This week’s Reunited: The Real World Vegas episode was looking to be yet another hyperstaged installment in which the roomies pretend to be surprised by a completely manufactured situation: They were all given $1,000 to gamble with, and whoever had the most at the end of the night would get everyone else’s winnings. How vérité! Because nothing puts the ”reality” in ”reality TV” like being handed money to gamble with in Las Vegas. What happened to the producers’ first choice, having a stripper tell the boys to put their dollar bills away, because she’s just dancing for the love of the art form?

And then something happened. Alton suggested they all just split their winnings seven ways. Steven said no, that was no fun. And Alton replied, ”You’re such a white man. You’re white and you’re Jewish.”

As a Jew, I was torn by two contradictory feelings. I was deeply offended by the horrible stereotype, but I also felt a strange hit of relief that a natural controversy had been injected into this entirely superficial series.

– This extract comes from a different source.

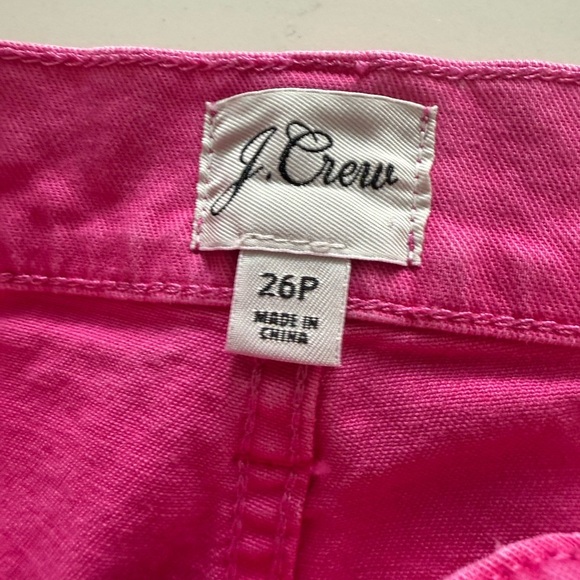 J Crew Women's Pink Jeans size 26p - Picture 5 of 7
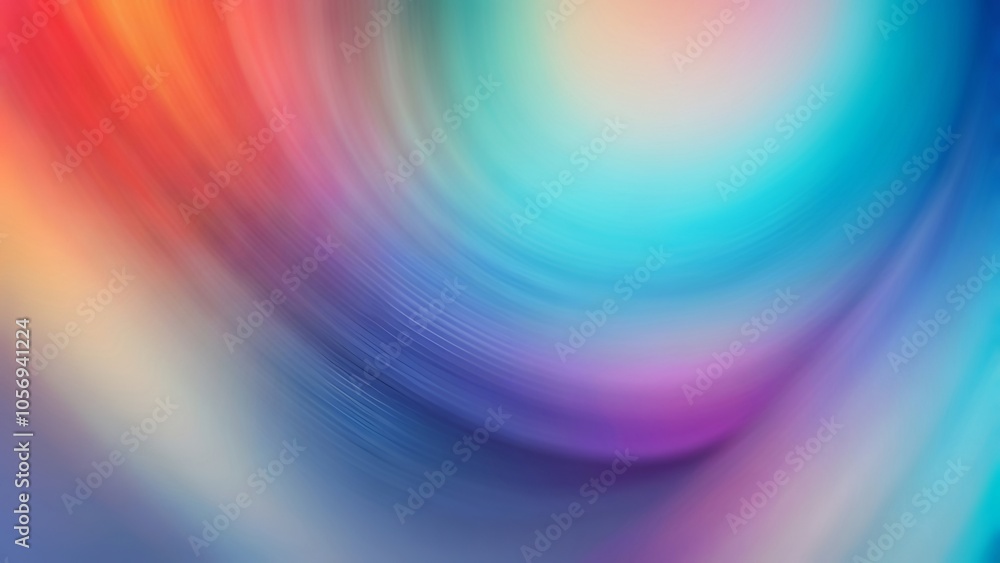 Poster vibrant, abstract swirl of colors with a smooth gradient and blurred effect.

Finally, something for people to argue about beyond skinning one’s ankle in the Palms’ most glamorous suite. Clueless fights over racial statements is what The Real World is supposed to be all about, not staged four-person bachelorette parties.

What does it say about me that I was heartened by a hateful slur against my own people? How has The Real World brought me to this point? Would I TiVo a Real World/Road Rules Inferno: Badasses vs. Holocaust Deniers just to watch a drunk C.T. try to quote Elie Wiesel?

And to think it all went down on July 4th: Was this MTV’s present to America? ”Happy birthday, U.S.A.! Enjoy our gift of slowly dismantling your society by televising anti-Semites while we’re not otherwise busy taping skanky 16-year-olds!”

Once again, Steven proved himself the sane one in the house. Yes, it was a little grandstanding when he said he had to stand up against any bigotry, even if he wasn’t Jewish. But what else could he have done? On reality TV, the best defense is a good offense: You know everyone else is going to yak endlessly to the camera, so you have to narrate your every move and try to do it as high-mindedly as possible if you want to come off well. He even tried to save Alton from himself, telling him to just drop it. But would Alton drop it? Is gefilte fish slimy?

First, Alton argued that his statement was okay since Steven makes fun of white people, too. At the beginning of the episode, we had seen a confusing, partially censored poolside conversation in which Steven commented that Alton had said, ”Where’s my bleep waitress?” What could possibly have been in that bleep? It was followed by Steven explaining that he makes fun of white people because he’s white, but that didn’t make it any clearer. Did Alton say, ”Where’s my honky waitress?” ”Cracker waitress?” ”Motherf—ing white-ass waitress?”

There are many different ways to try to get yourself out of a situation where you’re called a racist, and Alton tried them all. First, he tried to dismiss it, telling Steven, ”Grow up, man. You’re the one always saying something.” When Steven explained that he said it about his own people and that as a black man, Alton should be very sensitive to stereotypes, Alton went for the technicality: ”I’m not even referring to the fact that you have actual Jewish blood.” Ahhh, so it doesn’t count as racism because the stereotype didn’t hit the target. By that logic, if a car bomb goes off and no one is killed, it’s not terrorism, it’s just fireworks.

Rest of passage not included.